**TASK INSTRUCTIONS**
Images aside, the whole listing should be written out word for word.

**DATA SECTION**

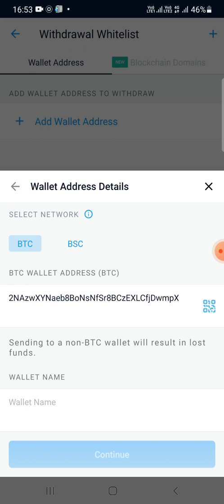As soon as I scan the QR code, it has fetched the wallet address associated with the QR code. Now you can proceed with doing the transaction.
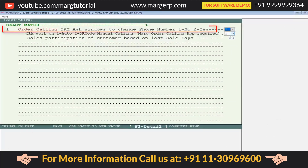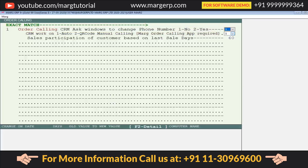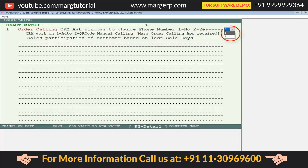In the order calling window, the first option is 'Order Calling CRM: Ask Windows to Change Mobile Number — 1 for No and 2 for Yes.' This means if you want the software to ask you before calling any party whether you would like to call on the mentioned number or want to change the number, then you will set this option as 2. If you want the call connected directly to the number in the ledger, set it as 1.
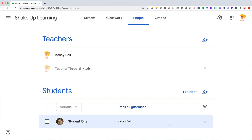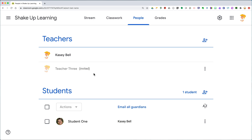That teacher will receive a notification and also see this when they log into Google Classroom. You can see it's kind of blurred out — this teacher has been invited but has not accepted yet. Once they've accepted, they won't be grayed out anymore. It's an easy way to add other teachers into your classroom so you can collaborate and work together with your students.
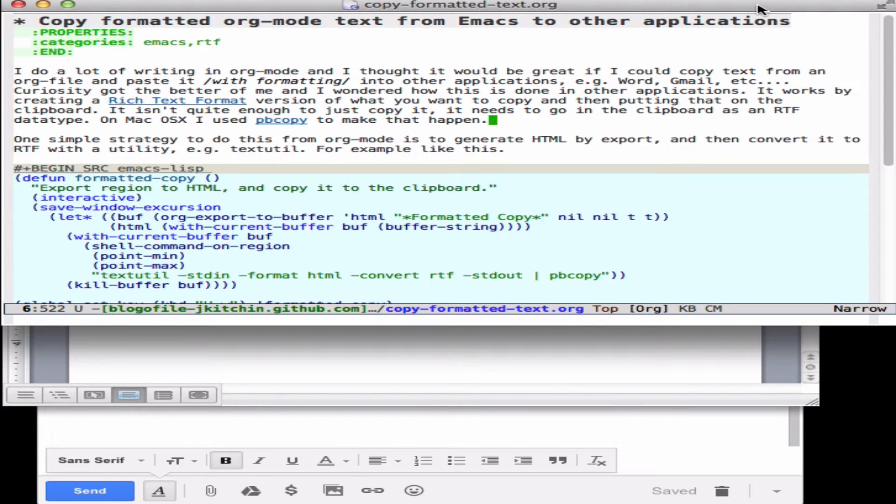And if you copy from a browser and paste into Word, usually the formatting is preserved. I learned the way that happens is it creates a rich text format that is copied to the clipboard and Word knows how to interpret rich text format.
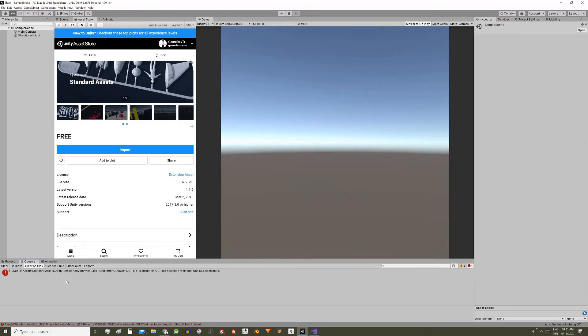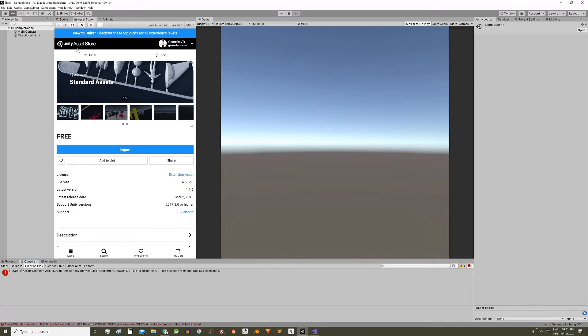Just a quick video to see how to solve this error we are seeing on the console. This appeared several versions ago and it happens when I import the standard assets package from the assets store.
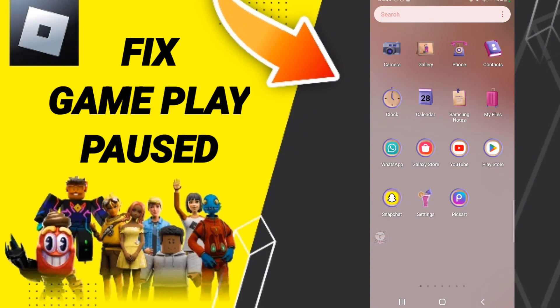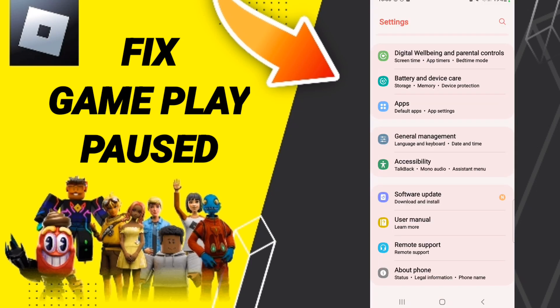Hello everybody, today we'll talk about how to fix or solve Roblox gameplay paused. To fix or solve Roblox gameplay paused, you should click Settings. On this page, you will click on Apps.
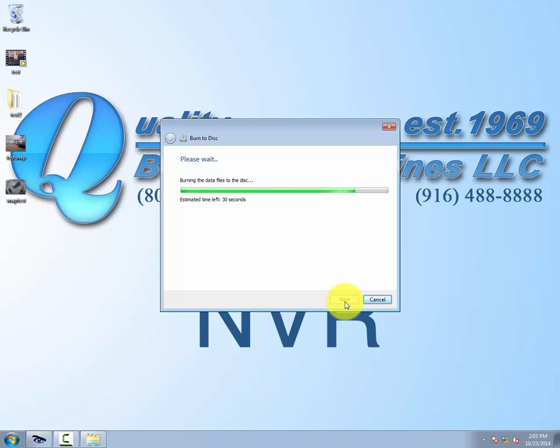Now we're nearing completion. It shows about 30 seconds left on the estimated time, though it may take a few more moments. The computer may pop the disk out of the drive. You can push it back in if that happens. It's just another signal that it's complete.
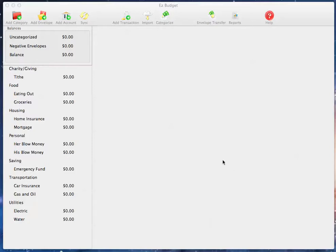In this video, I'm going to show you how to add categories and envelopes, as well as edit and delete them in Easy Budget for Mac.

**OUTPUT BELOW**
As soon as I scan the QR code, it has fetched the wallet address associated with the QR code. Now you can proceed with doing the transaction.
In the order calling window, the first option is 'Order Calling CRM: Ask Windows to Change Mobile Number — 1 for No and 2 for Yes.' This means if you want the software to ask you before calling any party whether you would like to call on the mentioned number or want to change the number, then you will set this option as 2. If you want the call connected directly to the number in the ledger, set it as 1.
That teacher will receive a notification and also see this when they log into Google Classroom. You can see it's kind of blurred out — this teacher has been invited but has not accepted yet. Once they've accepted, they won't be grayed out anymore. It's an easy way to add other teachers into your classroom so you can collaborate and work together with your students.
And if you copy from a browser and paste into Word, usually the formatting is preserved. I learned the way that happens is it creates a rich text format that is copied to the clipboard and Word knows how to interpret rich text format.
Just a quick video to see how to solve this error we are seeing on the console. This appeared several versions ago and it happens when I import the standard assets package from the assets store.
Hello everybody, today we'll talk about how to fix or solve Roblox gameplay paused. To fix or solve Roblox gameplay paused, you should click Settings. On this page, you will click on Apps.
Now we're nearing completion. It shows about 30 seconds left on the estimated time, though it may take a few more moments. The computer may pop the disk out of the drive. You can push it back in if that happens. It's just another signal that it's complete.
In this video, I'm going to show you how to add categories and envelopes, as well as edit and delete them in Easy Budget for Mac.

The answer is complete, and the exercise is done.